Today is something called St. Peter’s Day. Don’t know what it is but we get special food through the day. For lunch, Mr. Rice asked us vegetarians to try fish and chips. ‘You will like it. It won’t taste like fish at all.’ Since I had never tasted fish, I had no means of telling. Anyway, I quite liked it with mayonnaise. They say it is good for the brain. Mr. Rice told us Jeeves eats a lot of fish, whoever Jeeves is or was. Please don’t tell Amma about all this fishy stuff, coming on top of the omelette and beef steak. She will take two baths and lock herself up in the puja room for the whole day and you might have to starve.

 Oh, I almost forgot. Somebody stole my Gibbons stamp album from my locker. The so-and-so used a compass or divider to open my stupid Klik lock. I am devastated. That triangular Monaco stamp was my favourite. I reported this to the House Master. He told me to change the lock. Big deal!

That’s all for now.

Yours lovingly,

Suresh.

Footnote: One of the letters records my maternal grandmother, Paati’s surprising visit to our school, escorted by our local guardian uncle and aunt. Paati was like the biblical Methuselah! To us kids, she might have been 90 or 900 years old.

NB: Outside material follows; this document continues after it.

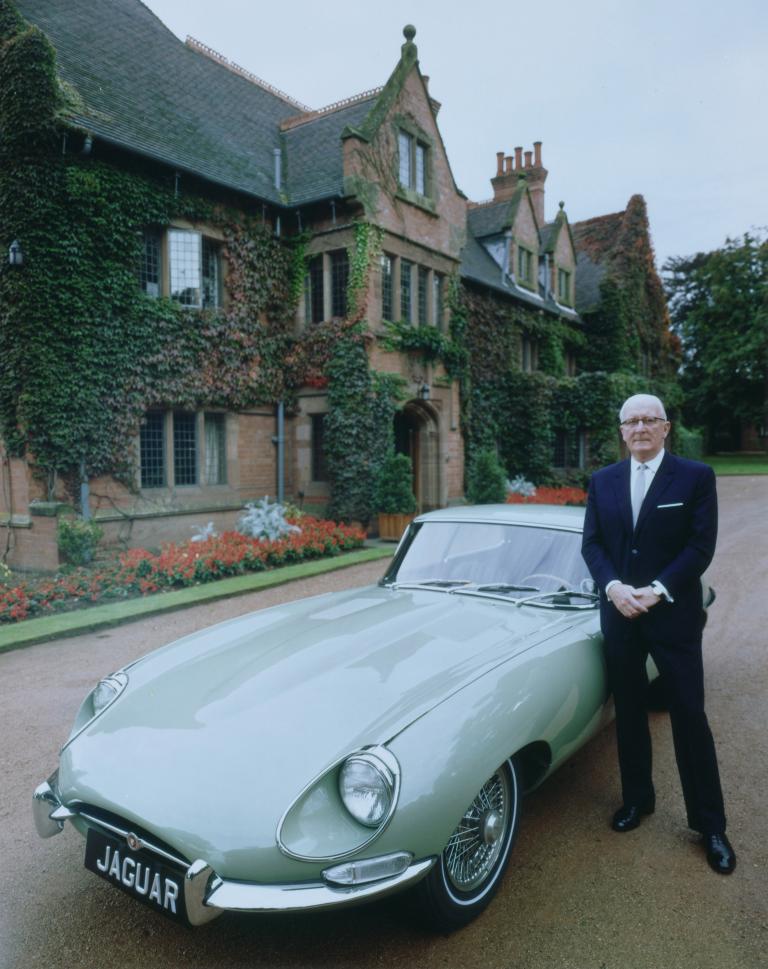 Firmengründer Sir William Lyons mit einem Jaguar E-Type. 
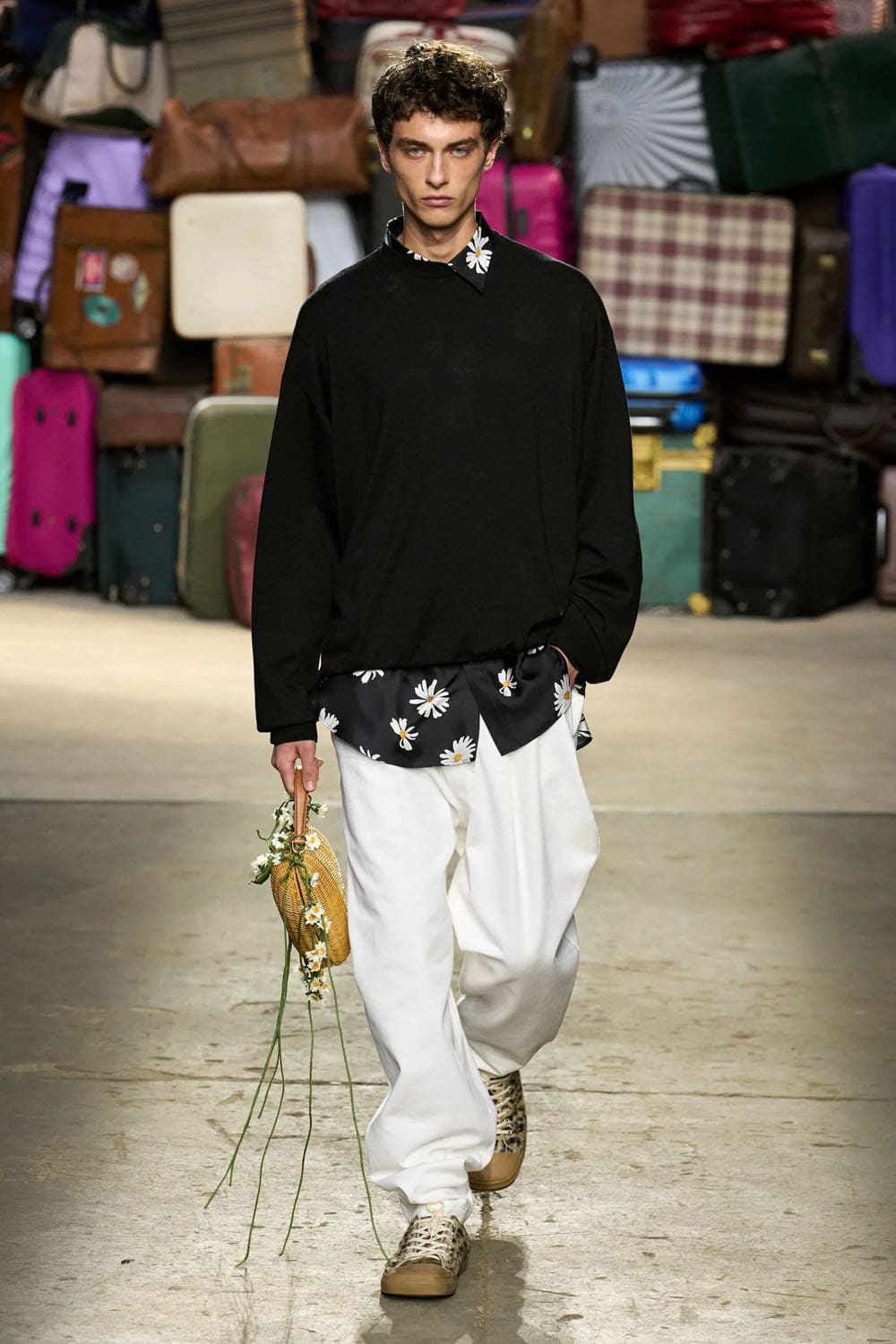 Moschino Printemps Été 2025 Runway Magazine (39)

My brother and I felt awkward, I don’t know why, but our senior matron hollered at us to ‘Come and say hello to Granny.’ All Paati wanted to know was if we are getting enough to eat!

Published by sureshsubrahmanyan

A long time advertising professional, now retired, and taken up writing as a hobby. Deeply interested in music of various genres, notably Carnatic and 60's and 70's pop/rock. An avid tennis and cricket fan. Voracious reader of British humour and satire. P.G. Wodehouse a perennial favourite.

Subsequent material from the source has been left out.